Search the records for "https" and copy each line that holds it.

_PROVIDED RECORDS_
━━━━
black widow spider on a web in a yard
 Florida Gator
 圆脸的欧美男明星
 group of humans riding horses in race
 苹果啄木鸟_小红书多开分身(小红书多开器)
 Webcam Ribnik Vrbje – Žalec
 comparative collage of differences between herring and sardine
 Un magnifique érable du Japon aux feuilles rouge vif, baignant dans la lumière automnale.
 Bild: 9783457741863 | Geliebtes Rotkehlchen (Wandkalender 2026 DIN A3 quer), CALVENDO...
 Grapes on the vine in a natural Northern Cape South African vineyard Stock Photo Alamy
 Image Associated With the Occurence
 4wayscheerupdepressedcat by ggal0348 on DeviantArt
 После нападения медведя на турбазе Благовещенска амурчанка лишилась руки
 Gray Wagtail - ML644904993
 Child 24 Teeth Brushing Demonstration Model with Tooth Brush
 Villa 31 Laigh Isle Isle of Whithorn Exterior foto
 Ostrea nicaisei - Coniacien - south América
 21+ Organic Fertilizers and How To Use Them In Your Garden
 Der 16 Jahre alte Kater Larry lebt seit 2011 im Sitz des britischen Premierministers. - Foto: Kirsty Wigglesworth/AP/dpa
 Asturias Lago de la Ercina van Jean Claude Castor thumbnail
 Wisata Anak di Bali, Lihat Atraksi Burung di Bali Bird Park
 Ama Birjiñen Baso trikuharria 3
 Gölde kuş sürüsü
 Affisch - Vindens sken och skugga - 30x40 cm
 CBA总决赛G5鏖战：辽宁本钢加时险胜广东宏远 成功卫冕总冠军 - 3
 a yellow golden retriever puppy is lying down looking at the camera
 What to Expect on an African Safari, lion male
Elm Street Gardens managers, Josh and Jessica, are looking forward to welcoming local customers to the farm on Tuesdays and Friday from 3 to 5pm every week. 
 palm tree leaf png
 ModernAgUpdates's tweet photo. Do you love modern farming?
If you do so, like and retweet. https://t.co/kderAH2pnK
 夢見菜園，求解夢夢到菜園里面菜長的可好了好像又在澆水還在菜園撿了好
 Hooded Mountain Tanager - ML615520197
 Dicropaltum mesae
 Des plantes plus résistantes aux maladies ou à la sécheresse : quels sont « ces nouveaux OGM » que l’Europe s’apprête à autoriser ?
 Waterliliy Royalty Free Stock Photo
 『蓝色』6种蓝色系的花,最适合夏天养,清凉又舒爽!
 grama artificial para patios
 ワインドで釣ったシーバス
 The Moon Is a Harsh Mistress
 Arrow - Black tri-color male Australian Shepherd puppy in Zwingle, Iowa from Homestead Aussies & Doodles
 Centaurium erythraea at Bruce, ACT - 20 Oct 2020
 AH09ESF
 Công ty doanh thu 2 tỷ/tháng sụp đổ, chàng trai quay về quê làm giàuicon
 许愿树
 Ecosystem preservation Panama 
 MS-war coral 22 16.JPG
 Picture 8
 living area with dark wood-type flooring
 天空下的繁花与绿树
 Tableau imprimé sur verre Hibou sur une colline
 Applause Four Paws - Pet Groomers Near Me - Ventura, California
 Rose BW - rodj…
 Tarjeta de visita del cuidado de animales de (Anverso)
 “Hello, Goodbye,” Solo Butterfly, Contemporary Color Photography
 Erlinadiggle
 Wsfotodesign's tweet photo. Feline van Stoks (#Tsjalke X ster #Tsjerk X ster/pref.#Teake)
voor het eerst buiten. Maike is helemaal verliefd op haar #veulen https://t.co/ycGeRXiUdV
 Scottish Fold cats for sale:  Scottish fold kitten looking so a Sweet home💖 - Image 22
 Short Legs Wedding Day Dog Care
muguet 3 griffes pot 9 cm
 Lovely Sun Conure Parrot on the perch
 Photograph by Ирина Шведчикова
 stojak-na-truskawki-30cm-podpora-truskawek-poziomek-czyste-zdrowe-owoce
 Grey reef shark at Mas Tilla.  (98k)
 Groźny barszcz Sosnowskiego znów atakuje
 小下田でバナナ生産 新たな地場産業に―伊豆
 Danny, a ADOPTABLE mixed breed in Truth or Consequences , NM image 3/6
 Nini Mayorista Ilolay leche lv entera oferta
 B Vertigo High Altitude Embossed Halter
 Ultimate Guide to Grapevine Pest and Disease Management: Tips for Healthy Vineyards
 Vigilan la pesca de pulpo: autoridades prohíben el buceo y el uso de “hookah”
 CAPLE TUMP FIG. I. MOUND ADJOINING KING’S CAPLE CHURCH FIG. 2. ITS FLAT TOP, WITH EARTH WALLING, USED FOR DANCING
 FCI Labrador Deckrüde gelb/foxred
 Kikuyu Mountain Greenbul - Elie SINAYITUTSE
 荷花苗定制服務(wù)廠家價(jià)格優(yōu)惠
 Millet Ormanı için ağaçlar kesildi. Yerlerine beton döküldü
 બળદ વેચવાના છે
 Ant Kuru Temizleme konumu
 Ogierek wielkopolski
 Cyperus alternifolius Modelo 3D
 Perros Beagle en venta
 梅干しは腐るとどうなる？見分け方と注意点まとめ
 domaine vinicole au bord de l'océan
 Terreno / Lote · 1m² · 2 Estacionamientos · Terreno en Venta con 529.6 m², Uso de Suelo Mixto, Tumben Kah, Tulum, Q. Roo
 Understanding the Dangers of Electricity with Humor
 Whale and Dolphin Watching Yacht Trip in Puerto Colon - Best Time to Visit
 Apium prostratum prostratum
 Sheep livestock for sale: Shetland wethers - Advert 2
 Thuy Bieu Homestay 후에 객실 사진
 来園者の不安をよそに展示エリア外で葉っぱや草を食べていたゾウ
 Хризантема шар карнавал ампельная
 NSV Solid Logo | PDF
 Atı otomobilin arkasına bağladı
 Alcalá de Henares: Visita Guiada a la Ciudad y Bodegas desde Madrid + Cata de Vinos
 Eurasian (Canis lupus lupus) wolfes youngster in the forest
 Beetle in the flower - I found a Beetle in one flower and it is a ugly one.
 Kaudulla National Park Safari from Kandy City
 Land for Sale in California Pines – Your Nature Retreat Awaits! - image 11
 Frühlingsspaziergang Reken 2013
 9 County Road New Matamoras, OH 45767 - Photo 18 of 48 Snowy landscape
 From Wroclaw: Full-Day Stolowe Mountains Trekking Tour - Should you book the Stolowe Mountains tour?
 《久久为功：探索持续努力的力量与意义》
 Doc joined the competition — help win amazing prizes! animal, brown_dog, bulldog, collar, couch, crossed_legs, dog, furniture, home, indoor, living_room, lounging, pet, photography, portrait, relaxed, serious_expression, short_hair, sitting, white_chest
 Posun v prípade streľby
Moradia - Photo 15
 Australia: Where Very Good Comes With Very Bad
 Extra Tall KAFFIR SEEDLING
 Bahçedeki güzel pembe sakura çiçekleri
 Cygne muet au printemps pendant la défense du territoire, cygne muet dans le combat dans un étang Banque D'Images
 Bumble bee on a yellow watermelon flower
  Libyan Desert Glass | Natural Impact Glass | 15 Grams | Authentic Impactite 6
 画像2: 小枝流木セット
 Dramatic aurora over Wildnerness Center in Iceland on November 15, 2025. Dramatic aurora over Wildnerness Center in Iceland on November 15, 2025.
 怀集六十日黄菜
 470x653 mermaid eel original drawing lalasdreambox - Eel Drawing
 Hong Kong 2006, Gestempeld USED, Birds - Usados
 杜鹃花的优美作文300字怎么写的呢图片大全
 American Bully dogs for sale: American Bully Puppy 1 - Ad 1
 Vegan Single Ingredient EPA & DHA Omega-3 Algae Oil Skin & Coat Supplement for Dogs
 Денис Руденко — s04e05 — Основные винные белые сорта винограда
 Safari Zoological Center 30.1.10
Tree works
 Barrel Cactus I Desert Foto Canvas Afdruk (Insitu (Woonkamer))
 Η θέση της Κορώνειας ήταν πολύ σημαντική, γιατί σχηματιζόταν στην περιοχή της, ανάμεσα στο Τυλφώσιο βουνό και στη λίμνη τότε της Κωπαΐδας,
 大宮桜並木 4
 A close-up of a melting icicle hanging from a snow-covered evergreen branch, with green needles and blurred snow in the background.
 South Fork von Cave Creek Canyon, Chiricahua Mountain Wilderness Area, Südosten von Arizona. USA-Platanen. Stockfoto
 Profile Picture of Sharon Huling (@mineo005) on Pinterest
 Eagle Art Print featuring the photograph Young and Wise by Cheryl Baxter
━━━━
_TASK SOLUTION_
If you do so, like and retweet. https://t.co/kderAH2pnK
voor het eerst buiten. Maike is helemaal verliefd op haar #veulen https://t.co/ycGeRXiUdV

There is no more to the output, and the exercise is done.